A la lecture de ces analyses, il est ainsi difficile de considérer cette masse paysanne d’un point de vue homogène sous un même vocable. D’ailleurs, le vocabulaire caractérisant cette diversité agricole se spécialise à partir du 17e siècle. Jusqu’alors, l’élevage n’est pas considéré en tant que tel puisque les boeufs sont avant tout des animaux de traits. Le vocabulaire va permettre de distinguer les salariés (journaliers, bouviers, galvachers) des producteurs indépendants et les spécialisations (paysan, cultivateur, éleveur, engraisseur emboucheur, sélectionneur etc.). Certaines pratiques apparaissent plus récemment que d’autres dans le dictionnaire comme c’est le cas par exemple du sélectionneur, définit en 1923 alors que le terme d’engraisseur remonte à 1636. Comme le note Sylvain Maresca (1985) à propos de la notion de métier, ces « ‘nouveaux mots servirent à spécifier le travail des gens de la campagne. En dépit de leur généralité initiale (’laboureur’, ’cultivateur’, ’ agriculteur’), ils amorcèrent une rupture avec le terme de ’ paysan’ en appelant à une définition toujours plus technique de l’activité, prémice d’une idée de métier’ » [Maresca,. 1985a, 189].

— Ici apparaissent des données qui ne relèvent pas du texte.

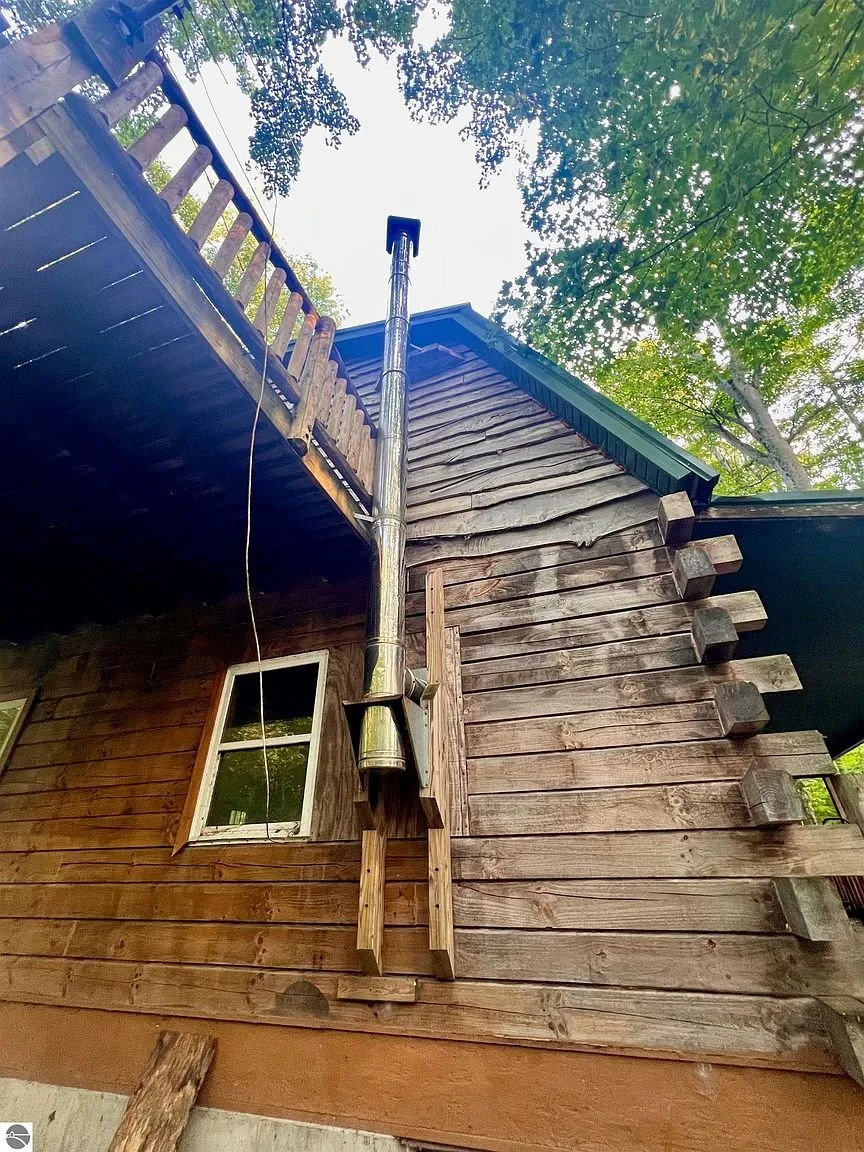 The balcony from below with the stove pipe through the roof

Quoi qu’il en soit, si la situation de ces ’paysans’ s’améliore à partir de la fin du 19e siècle, il faudra cependant attendre l’entre-deux-guerres et la baisse sensible de main-d’oeuvre pour que les conditions de vie de ces petits paysans changent. On peut noter, par exemple, que les profondes mutations concernant les contrats de métayage (modification des baux, suppression de l’impôt colonique) et parfois le passage au fermage n’auront lieu qu’à partir des années trente105, les revendications du syndicat des métayers au début du siècle n’ayant pas, dans un premier temps, réussi à obtenir gain de cause106. On voit alors comment le système charolais loin de se réduire à une ’élite’ est plutôt caractérisé par de fortes inégalités sociales.

Notes
101.

Emile guillaumin dirigera le journal ’le travailleur rural’ et sera l’auteur de nombreux articles dans lequel il défend la cause paysanne.

102.

Voir aussi le numéro de la revue ’Construire – perspectives’ n°60 mai-juin 1983 ’les luttes paysannes de 1850 à 1930’. Le syndicalisme des métayers sera créé en 1904 fondé sur le modèle du syndicat ouvrier avec des revendications qui portent notamment sur l’abolition du paiement en espèce auxquelles les métayers sont soumis, sur la rétribution des services fournis, et sur l’amélioration de l’habitat. Ils visent à remettre en cause l’hégémonie des grands propriétaires et luttent pour l’affranchissement de leur tutelle.

103.

J. Archer (1922) défend la thèse de l’intérêt du métayage comme mode de faire valoir.

104.

Et notamment celle de 1846 due aux mauvaises récoltes et celle de 1873 qui sera suivie d’une grande dépression et donnera lieu à la mise en place de mesures protectionnistes.

105.

L’instauration du statut du fermage ne sera effectué qu’à partir de 1946.

106.

voir C. Gagnon (1920) et la description du basculement vers le rachat par certains métayers, suite à l’augmentation du prix du bétail, de leur domaine. De là, sera issue la société d’agriculture de l’Allier, aux mains de cette nouvelle génération de propriétaires ’instruits, expérimentés qui secouent apathies et routines, améliorent les cultures et sélectionnent le bétail’ d’après Gagnon cité par Cavailhès et al, 1991, page 16.